Hasbro Pursues Tariff-Free Toys due to Continued Sales of Magic: The Gathering Cards
After a month since the implementation of the Trump administration's tariffs, several companies have felt the effects, but Hasbro seems to be one of the less affected. During a recent investor call, CEO Chris Cocks indicated that Hasbro is well prepared to navigate the current global trade situation, largely due to its predominantly digital games business and domestic manufacturing for its board game division. The Wizards of the Coast, responsible for popular card games like Dungeons & Dragons and Magic: The Gathering, exhibits low tariff exposure with domestic supplies stationed in Texas and North Carolina, and international manufacturers in Japan and Europe, currently exempt from tariffs.
Despite its resilience, Hasbro has acknowledged the need for a more stable and favorable US trade policy environment. Tariffs raise consumer prices, potentially lead to job losses, and lower profits for shareholders. Cocks urged for a zero-tariff policy on toys and games globally, echoing the Toy Association's call.
The Chinese market has been hit hardest by the tariffs, serving as a significant manufacturing hub for Hasbro. The only exception is D&D boxed sets, imported from China. However, Cocks highlighted the need for more complex logistics within the company due to the tariffs.
According to Cocks, Magic: The Gathering has experienced a surging business in the first quarter of 2025-2026, contributing to the division's 46% revenue growth. The card game's robust licensing, particularly the upcoming crossover with Final Fantasy, is to thank for this success. The Universes Beyond set, scheduled for release on June 13, has already set records as the best-selling Magic set ever, fueled by pre-orders.
Even though specific details about the impact on Wizards of the Coast are scant, the general impact of tariffs on Hasbro and the broader toy industry indicates that many companies are experiencing challenges in managing costs and maintaining consumer affordability.
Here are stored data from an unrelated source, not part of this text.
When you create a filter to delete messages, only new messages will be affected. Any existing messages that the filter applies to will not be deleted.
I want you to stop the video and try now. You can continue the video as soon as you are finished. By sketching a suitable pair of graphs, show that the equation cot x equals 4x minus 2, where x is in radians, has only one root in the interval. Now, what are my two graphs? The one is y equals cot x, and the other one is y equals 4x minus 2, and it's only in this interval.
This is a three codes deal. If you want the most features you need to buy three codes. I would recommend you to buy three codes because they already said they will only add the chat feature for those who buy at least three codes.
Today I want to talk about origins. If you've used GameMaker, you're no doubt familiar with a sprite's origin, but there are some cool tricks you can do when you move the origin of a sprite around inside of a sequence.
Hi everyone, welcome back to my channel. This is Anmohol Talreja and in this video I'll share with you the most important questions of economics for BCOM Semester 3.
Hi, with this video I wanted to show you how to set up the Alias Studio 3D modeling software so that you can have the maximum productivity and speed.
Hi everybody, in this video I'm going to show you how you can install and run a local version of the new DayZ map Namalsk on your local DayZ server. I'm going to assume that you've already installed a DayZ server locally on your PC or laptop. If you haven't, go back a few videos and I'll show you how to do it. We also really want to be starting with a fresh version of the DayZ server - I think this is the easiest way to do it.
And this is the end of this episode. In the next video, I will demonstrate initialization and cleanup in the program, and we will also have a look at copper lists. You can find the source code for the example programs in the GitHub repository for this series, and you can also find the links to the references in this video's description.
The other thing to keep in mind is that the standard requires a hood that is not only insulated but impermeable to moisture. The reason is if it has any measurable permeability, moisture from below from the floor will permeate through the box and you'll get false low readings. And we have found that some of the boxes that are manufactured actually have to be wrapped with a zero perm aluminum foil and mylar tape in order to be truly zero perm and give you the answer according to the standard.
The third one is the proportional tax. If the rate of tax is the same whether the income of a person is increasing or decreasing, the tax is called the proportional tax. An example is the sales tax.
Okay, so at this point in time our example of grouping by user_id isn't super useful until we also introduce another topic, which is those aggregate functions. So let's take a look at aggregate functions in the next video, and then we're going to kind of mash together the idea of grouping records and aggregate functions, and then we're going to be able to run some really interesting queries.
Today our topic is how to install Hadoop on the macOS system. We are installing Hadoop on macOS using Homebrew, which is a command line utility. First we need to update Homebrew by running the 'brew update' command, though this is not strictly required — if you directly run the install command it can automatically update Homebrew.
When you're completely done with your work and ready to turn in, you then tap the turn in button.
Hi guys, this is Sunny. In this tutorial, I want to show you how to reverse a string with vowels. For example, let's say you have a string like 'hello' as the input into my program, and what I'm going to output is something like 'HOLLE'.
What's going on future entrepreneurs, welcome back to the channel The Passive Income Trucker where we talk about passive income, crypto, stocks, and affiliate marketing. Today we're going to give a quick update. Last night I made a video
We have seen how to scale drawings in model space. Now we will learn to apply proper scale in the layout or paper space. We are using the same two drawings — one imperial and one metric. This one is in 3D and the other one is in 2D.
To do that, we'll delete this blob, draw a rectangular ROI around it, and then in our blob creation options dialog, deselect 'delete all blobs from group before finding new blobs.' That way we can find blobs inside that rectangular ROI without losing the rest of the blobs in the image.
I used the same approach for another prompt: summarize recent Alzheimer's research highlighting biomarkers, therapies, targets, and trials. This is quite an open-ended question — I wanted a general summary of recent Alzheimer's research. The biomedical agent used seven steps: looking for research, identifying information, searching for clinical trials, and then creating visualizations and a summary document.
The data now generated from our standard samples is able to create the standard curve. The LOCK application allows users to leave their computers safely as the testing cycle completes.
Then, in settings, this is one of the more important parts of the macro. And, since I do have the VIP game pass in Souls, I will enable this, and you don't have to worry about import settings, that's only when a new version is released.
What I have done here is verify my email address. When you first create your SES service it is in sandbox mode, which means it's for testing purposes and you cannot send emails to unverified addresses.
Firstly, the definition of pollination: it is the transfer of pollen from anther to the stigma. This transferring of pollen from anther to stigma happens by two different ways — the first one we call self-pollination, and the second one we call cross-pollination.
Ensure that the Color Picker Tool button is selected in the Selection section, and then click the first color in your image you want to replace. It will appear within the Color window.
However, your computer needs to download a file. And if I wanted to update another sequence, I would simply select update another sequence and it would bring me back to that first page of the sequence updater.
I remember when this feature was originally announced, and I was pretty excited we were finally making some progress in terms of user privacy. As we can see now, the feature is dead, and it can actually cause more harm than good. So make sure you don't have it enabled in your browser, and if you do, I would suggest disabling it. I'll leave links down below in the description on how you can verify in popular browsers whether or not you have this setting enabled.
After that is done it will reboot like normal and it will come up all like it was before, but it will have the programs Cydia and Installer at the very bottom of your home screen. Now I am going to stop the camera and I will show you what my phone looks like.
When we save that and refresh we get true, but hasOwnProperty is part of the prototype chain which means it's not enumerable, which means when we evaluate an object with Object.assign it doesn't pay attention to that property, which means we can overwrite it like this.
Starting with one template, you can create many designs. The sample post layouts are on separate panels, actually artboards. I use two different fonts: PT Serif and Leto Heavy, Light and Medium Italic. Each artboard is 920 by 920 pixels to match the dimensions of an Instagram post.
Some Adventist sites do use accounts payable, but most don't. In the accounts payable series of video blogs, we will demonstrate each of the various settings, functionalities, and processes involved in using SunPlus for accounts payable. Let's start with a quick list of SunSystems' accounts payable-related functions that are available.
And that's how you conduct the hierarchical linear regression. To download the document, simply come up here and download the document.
As the toy industry, including smaller businesses, grapples with tariff pressures, companies worldwide are adjusting prices, working towards consumer-friendly price points, and accelerating cost savings plans to offset financial hits potentially exceeding $300 million this year.
[Sources: 1, 2, 3]
- The surge in Magic: The Gathering's business, largely due to its robust licensing and upcoming crossover with Final Fantasy, indicates a promising future for the digital games sector within the toy industry.
- Gizmodo recently reported on the impact of tariffs on the toy industry, suggesting that companies, including Hasbro and Wizards of the Coast, are having to adjust prices and implement cost savings plans to offset potential losses exceeding $300 million.
- The future of the toy industry, as depicted by the instance of Hasbro, shows a shift towards domestic manufacturing and a predominantly digital games business, which may help companies navigate unstable trade situations and tariff pressures.
- Io9 and other financial news outlets have been highlighting the potential job losses and lower profits for shareholders caused by tariffs in the toy industry, emphasizing the need for a zero-tariff policy as called for by The Toy Association and Hasbro CEO Chris Cocks.